Chapter 7. Capacity-Monitoring Dashboards

In this chapter, we will implement the capacity-monitoring solution we discussed in Chapter 5, Capacity Monitoring. We will cover each service tier from compute, storage, and network components. Due to the similarity in the approach, we can cover them in the following sequence:

  • Tier 1 compute
  • Tier 2 and 3 compute
  • Storage (common for all service tiers)
  • Network (common for all service tiers)

This will cover IaaS capacity monitoring. As overprovisioned VMs are a common problem, we will also cover VM rightsizing. We will cover both downsizing and upsizing scenarios.

Tier 1 compute

Let's recap from Chapter 5, Capacity Monitoring, what we need to produce to monitor capacity in tier 1 compute:

  • A line chart showing the total number of vCPUs left in the cluster
  • A line chart showing the total number of vRAM left in the cluster
  • A line chart showing the total number of VMs left in the cluster

Tier 1 compute – CPU

Let's look at the first line chart. The number of vCPUs left is essentially supply and demand. The supply and demand can be defined as the following:

  • Supply = (The total physical cores of all ESXi hosts) - (HA buffer)
  • Demand = The total vCPUs for all the VMs

On the supply side, we can choose physical cores or physical threads. One will be conservative while the other will be aggressive. The ideal number is 1.5 times the physical core, as that's the estimated performance improvement from Hyper-Threading.

My recommendation is to count the cores, not the threads. There are two reasons for this:

  • This is tier 1, your highest and best tier. If you are counting the threads, or using a 1.5x multiplier, you can no longer promise it is as good as physical. Contractually, you should also adjust your SLA accordingly from 1 percent CPU contention to perhaps 2-3 percent.
  • The vmkernel itself takes up CPU, albeit minimal. It will take up more if you are running kernel modules such as VMware VSAN and VMware NSX. If you are counting the cores, you have more than enough buffer.

That's it for the supply side.

The demand side is simpler. It is simply the sum of all the vCPUs in all the VMs in the cluster.

Count the ESXi agent VMs too. This includes basic VMs such as a Nutanix Controller Virtual Machine (CVM) or Trend Micro Deep Security VM. Regardless of their functionality, they are consuming CPU resources.
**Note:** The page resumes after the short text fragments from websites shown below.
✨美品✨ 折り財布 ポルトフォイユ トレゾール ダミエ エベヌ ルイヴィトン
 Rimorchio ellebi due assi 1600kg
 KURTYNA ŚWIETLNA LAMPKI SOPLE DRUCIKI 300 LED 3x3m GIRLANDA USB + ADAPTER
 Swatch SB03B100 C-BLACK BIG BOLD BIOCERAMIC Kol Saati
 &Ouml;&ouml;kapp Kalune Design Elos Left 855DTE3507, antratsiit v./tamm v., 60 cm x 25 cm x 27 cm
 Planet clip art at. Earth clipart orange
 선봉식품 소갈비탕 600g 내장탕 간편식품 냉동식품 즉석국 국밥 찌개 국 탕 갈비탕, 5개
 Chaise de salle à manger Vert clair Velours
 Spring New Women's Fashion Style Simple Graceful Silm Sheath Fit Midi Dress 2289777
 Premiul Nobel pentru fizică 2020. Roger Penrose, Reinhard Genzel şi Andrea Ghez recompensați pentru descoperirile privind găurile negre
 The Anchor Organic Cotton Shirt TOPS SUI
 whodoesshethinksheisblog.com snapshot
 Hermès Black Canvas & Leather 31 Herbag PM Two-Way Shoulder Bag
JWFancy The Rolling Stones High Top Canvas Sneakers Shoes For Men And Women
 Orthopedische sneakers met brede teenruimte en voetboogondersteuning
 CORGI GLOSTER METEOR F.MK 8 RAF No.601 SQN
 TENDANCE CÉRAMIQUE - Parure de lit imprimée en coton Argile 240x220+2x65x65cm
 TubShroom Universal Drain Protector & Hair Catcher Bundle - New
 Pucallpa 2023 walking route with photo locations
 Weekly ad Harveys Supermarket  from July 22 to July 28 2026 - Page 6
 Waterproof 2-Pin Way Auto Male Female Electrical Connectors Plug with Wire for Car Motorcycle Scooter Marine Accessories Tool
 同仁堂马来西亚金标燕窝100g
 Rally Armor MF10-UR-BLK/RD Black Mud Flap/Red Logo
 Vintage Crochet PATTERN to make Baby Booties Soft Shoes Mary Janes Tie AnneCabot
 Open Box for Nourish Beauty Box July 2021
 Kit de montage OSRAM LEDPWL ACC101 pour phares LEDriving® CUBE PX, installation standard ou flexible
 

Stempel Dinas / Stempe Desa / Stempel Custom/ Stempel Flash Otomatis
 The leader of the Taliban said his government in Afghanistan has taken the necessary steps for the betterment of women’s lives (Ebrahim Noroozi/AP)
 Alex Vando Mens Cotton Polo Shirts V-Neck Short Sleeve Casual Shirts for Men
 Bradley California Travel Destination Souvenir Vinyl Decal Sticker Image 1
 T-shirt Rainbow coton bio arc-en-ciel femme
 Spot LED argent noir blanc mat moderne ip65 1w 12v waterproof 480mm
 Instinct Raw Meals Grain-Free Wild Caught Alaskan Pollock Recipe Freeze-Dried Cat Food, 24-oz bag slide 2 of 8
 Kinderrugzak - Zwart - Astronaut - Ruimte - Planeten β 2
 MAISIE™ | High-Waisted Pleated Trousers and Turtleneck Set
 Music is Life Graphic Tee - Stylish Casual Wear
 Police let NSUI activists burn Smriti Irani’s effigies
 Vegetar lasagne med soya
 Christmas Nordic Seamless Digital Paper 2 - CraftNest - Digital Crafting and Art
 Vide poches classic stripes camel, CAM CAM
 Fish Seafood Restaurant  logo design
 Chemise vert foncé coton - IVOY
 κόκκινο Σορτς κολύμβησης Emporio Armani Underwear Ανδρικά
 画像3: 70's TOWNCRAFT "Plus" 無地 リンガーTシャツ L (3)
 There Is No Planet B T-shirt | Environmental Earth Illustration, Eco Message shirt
If you are using virtual threads in your VM, then count them as if they are full vCPUs. For example, a VM with two vCPUs and two threads per core should be counted as four vCPUs.

In logic, the super metric formula is:

  • Supply = (Number of Physical Cores in the cluster) - (HA buffer)
  • Demand = Number of running vCPUs in the cluster

vRealize Operations has a metric that takes HA into account. You do not need to manually build the formula any more.

The following screenshot shows the actual super metric formula:

Tier 1 compute – CPU

Super metric – Number of vCPUs left in a tier-1 cluster

Since we need to apply the formula to the vSphere cluster in question, we need to use the THIS option. Click on the little blue icon above the formula bar, as shown in the following diagram, then double-click on the formula you want to use:

Tier 1 compute – CPU

Super metric – enabling the THIS formula

The actual formula is as follows:

Avg(${this, attribute=cpu|alloc|object.capacity}) - Avg(${this, attribute=summary|number_running_vcpus})

Tier 1 compute – RAM

We've covered CPU. RAM follows a similar logic. The amount of vRAM left is also based on supply and demand, where:

  • Supply = (The total physical RAM of all ESXi hosts) - (HA buffer)
  • Demand = The total vRAM for all the VMs

There is no need to include ESXi vmkernel RAM as it is small enough to ignore. In addition, almost no VM uses its configured RAM, and you have Transparent Page Sharing. These two reasons are also why we do not see the need to add a threshold.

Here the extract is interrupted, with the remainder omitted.